▶ [Your assignment]: Your task is to copy the lines of the data below from the line holding "Un escalier en" through the line holding "Obraz premium Young", inclusive, exactly and with nothing added.

▶ [Caption-style text data]:
[Start of section]

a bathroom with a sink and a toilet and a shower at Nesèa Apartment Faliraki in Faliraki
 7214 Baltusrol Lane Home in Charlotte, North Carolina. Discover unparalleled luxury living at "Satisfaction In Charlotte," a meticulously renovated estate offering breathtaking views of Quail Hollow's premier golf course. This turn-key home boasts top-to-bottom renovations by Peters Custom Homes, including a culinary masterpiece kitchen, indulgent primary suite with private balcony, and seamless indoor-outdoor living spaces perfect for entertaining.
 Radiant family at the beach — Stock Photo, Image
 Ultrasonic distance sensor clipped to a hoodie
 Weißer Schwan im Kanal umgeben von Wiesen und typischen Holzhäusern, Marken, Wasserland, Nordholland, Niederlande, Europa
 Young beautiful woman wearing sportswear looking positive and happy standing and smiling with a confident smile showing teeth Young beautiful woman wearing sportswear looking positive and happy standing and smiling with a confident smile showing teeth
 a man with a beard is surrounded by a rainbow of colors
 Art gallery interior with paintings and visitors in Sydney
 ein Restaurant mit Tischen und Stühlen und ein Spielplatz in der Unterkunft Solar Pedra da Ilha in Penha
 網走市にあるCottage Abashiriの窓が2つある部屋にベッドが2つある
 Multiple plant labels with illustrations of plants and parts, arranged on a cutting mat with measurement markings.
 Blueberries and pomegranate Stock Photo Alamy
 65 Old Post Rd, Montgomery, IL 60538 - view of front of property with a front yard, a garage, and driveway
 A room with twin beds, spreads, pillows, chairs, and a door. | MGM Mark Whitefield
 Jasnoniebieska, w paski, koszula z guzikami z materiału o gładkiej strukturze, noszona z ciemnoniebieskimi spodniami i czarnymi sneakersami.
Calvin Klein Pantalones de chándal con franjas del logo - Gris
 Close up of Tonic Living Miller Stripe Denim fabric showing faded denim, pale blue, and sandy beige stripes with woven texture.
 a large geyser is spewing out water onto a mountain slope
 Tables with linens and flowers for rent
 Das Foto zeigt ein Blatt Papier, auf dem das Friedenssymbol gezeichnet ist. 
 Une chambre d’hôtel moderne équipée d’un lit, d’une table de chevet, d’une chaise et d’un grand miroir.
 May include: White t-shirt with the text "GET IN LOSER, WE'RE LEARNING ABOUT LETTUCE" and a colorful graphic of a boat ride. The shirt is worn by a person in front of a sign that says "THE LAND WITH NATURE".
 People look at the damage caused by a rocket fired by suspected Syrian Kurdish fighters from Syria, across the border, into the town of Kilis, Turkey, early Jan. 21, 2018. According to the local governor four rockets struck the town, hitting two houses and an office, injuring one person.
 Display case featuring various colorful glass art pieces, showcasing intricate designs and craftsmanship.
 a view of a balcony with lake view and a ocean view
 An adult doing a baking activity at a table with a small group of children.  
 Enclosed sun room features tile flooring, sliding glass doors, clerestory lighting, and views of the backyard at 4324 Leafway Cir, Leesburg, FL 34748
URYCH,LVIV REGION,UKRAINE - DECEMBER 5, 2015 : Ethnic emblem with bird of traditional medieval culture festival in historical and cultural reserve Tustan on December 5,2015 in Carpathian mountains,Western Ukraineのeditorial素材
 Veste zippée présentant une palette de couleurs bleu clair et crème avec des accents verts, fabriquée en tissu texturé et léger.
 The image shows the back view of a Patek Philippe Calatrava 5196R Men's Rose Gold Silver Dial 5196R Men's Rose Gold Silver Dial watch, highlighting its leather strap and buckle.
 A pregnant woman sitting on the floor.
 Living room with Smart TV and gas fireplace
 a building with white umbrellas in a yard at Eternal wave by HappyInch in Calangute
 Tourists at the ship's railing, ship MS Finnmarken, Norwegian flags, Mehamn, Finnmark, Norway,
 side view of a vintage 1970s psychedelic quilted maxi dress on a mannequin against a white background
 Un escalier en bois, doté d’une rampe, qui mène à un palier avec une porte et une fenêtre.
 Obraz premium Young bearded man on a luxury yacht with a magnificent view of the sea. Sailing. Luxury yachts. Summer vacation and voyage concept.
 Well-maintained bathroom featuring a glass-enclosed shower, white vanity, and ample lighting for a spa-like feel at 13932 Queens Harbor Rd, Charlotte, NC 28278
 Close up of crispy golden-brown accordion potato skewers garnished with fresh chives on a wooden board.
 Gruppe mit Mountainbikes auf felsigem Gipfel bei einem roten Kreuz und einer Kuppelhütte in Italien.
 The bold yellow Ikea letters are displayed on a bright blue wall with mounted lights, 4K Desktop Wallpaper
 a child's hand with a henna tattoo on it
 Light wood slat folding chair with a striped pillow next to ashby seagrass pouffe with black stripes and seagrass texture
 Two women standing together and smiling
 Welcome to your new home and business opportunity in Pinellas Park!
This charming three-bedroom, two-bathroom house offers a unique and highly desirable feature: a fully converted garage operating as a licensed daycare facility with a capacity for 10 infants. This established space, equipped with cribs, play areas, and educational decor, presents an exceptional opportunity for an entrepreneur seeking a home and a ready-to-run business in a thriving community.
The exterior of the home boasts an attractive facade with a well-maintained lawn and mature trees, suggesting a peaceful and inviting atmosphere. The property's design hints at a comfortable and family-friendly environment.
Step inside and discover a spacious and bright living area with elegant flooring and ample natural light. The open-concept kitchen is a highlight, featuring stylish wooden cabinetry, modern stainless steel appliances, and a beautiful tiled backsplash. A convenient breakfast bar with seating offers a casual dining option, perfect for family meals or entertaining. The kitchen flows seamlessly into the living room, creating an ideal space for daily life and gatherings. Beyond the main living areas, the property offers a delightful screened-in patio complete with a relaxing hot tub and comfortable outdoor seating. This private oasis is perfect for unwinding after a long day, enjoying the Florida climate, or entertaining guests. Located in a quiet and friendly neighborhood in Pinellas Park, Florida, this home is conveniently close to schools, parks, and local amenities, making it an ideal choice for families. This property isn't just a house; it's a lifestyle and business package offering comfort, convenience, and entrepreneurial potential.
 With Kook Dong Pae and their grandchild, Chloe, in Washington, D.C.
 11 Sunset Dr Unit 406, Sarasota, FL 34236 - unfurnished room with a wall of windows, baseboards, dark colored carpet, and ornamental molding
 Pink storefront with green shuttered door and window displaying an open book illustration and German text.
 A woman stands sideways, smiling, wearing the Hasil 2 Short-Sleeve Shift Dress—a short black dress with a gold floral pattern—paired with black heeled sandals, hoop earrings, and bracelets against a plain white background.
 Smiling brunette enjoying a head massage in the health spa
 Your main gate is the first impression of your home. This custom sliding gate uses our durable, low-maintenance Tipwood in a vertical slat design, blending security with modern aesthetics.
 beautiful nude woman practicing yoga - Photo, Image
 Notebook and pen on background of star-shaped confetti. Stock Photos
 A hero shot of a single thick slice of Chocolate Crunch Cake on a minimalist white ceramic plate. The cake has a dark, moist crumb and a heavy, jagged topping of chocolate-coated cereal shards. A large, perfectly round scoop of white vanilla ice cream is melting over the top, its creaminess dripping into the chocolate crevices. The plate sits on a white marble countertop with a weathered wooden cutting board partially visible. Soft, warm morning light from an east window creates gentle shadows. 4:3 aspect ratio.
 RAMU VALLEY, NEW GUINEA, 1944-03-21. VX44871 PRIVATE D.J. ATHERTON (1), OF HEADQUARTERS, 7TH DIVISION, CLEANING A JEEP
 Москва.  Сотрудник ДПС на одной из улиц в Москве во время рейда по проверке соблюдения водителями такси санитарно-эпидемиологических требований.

[End of section]

▶ [Exercise response]:
 Un escalier en bois, doté d’une rampe, qui mène à un palier avec une porte et une fenêtre.
 Obraz premium Young bearded man on a luxury yacht with a magnificent view of the sea. Sailing. Luxury yachts. Summer vacation and voyage concept.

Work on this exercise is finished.